*** ENTRIES SHOWN Section Begins ***

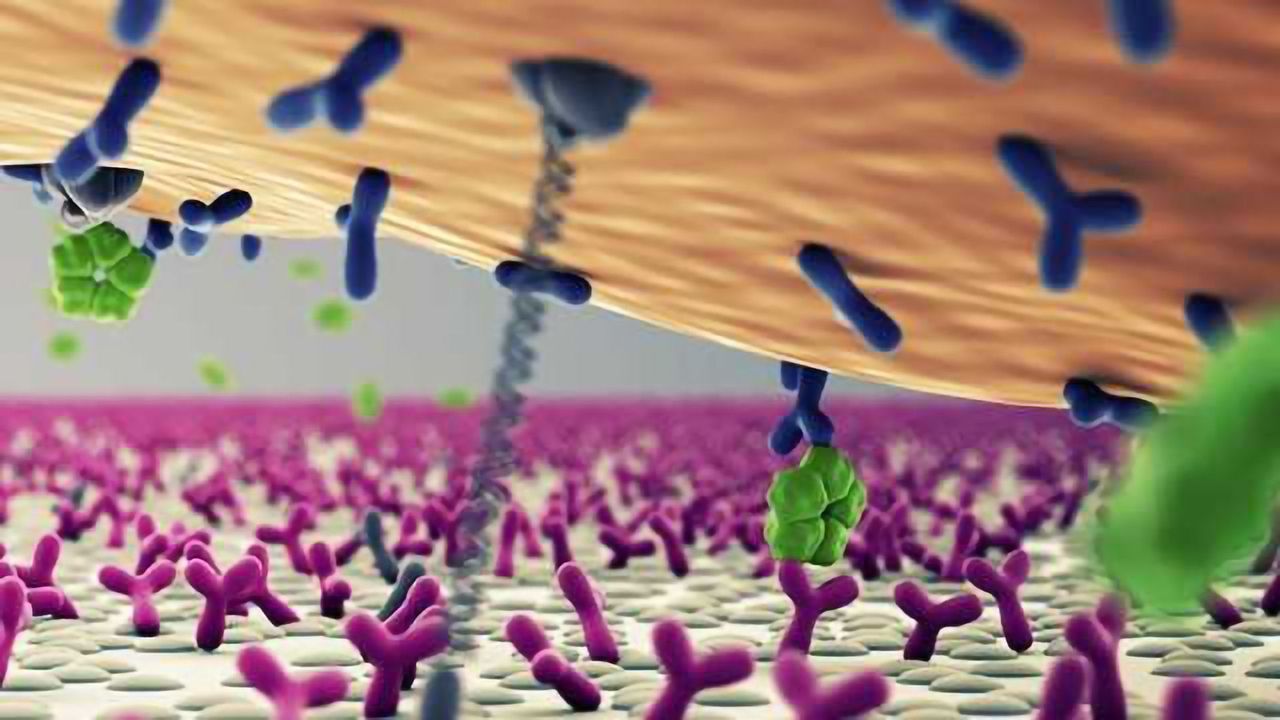 Sensor Technology Enables Super-Sensitive Live Monitoring of Human Biomolecules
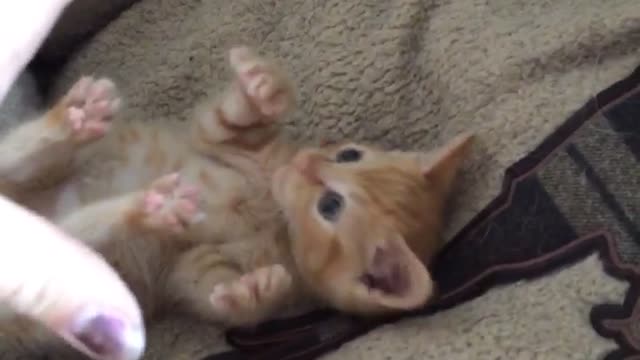 Orange kitten lying on back has tummy scratched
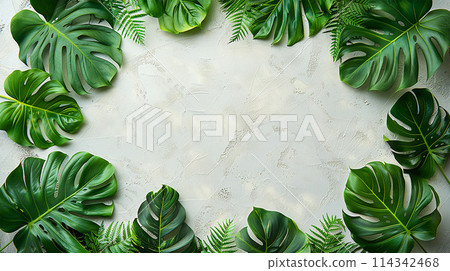 Green monstera leaves border on a white background with copy space Green monstera leaves border on a white background with copy space 114342468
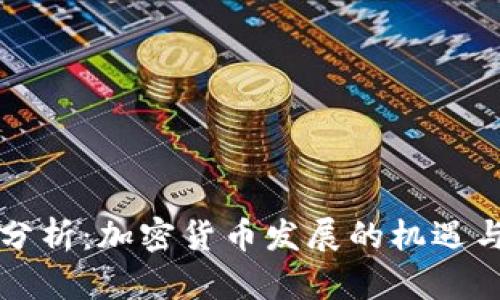 深入分析：加密货币发展的机遇与挑战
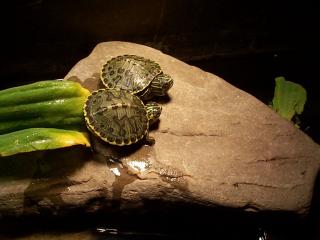 Wasserschildkrötenbabys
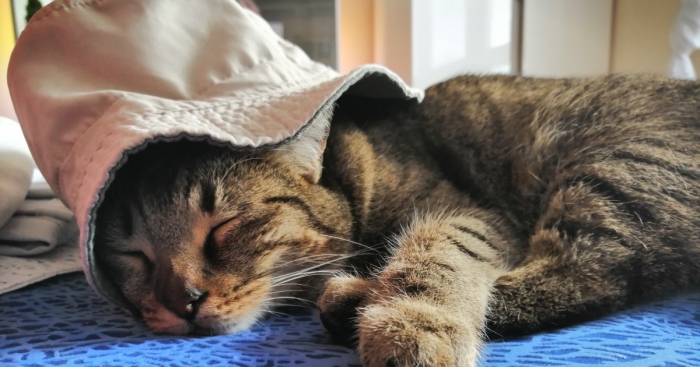 Hey Pandas, Post The Best St. Patrick’s Day Photo Of Your Pet (Closed)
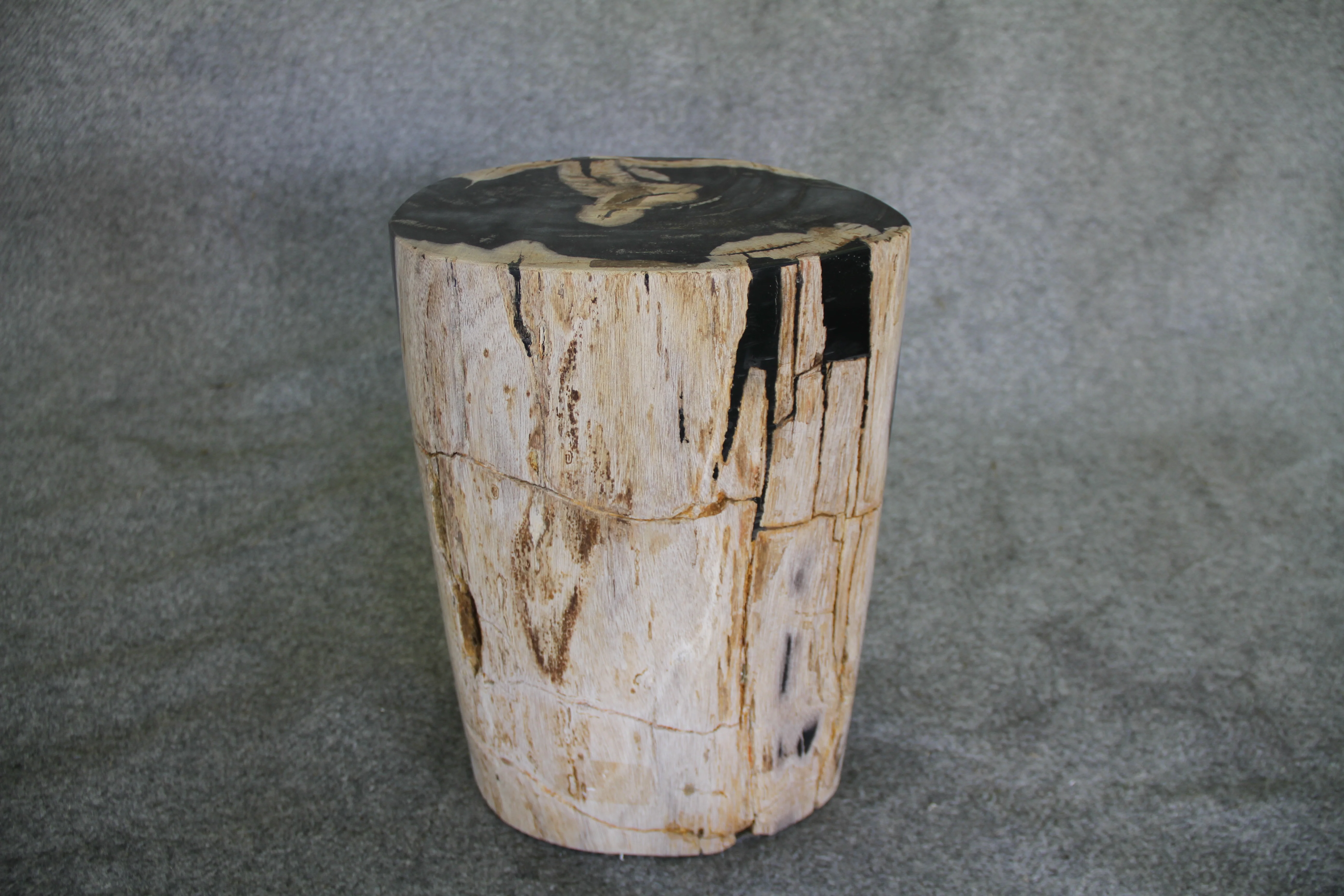 Petrified Wood Log Stool 11in x 8in x 16in (h) - 1687.21 - Image 5
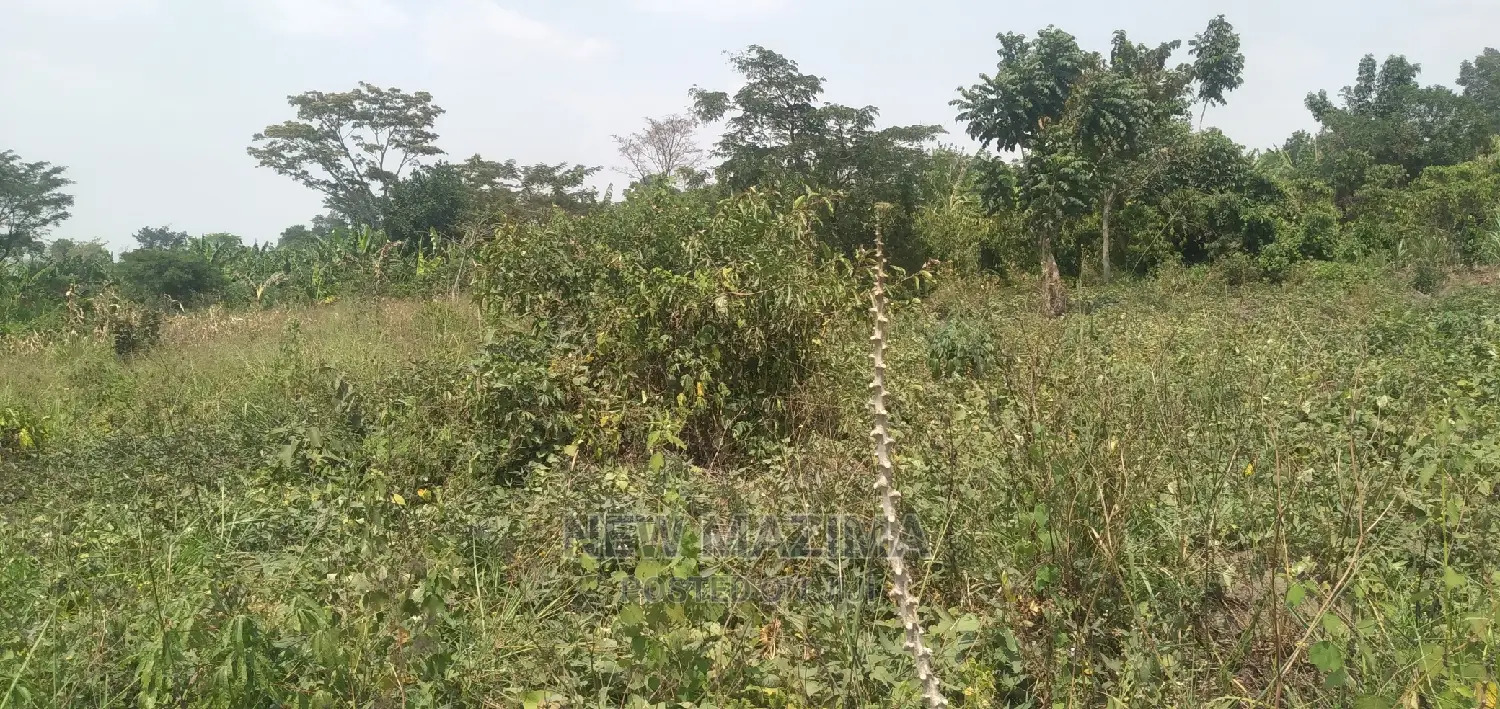 Very Hot 10 Acres Onquicksale Inheart of Nakaseke With Title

*** ENTRIES SHOWN Section Ends ***

Output each line exactly as shown above; no pictures go in the copy.

§ REPLY
 Sensor Technology Enables Super-Sensitive Live Monitoring of Human Biomolecules
 Orange kitten lying on back has tummy scratched
 Green monstera leaves border on a white background with copy space Green monstera leaves border on a white background with copy space 114342468
 深入分析：加密货币发展的机遇与挑战
 Wasserschildkrötenbabys
 Hey Pandas, Post The Best St. Patrick’s Day Photo Of Your Pet (Closed)
 Petrified Wood Log Stool 11in x 8in x 16in (h) - 1687.21 - Image 5
 Very Hot 10 Acres Onquicksale Inheart of Nakaseke With Title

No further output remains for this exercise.